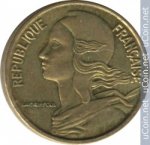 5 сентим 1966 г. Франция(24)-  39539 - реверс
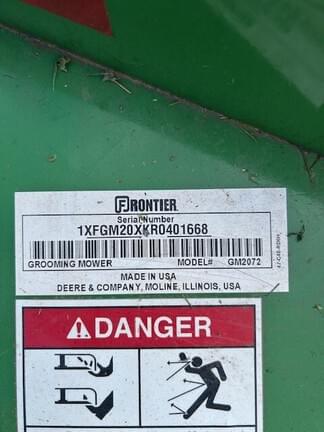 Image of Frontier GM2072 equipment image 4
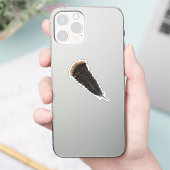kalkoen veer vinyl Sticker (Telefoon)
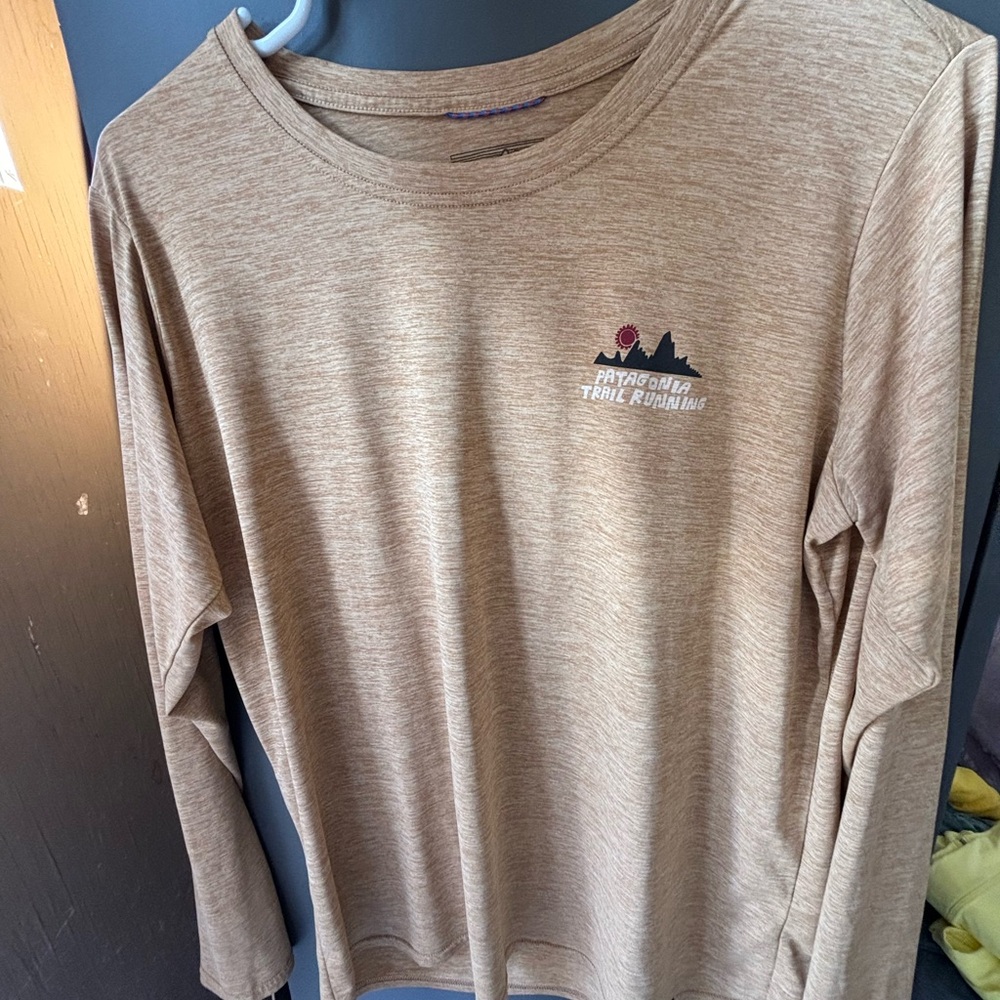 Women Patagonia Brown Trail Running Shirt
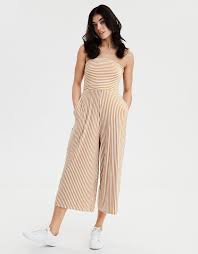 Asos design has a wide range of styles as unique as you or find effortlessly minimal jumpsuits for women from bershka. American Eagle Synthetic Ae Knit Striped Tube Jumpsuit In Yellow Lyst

- - -

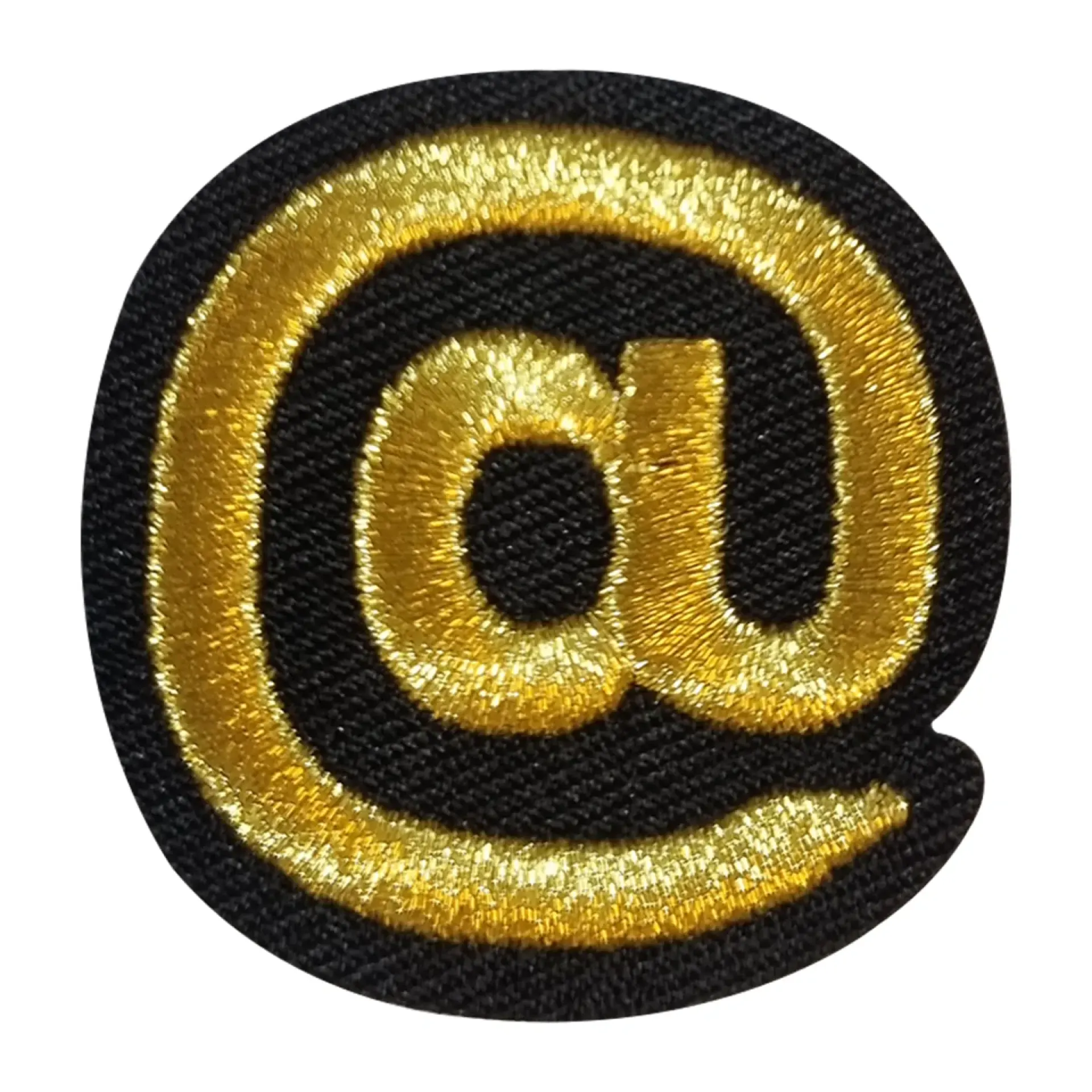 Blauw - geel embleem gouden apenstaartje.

- - -

Where a picture appears in the records above, omit it, and transcribe exactly the stretch of lines from the one with "Women Patagonia Brown Trail Running Shirt" through the one with "Asos design has".

 Women Patagonia Brown Trail Running Shirt
 Asos design has a wide range of styles as unique as you or find effortlessly minimal jumpsuits for women from bershka. American Eagle Synthetic Ae Knit Striped Tube Jumpsuit In Yellow Lyst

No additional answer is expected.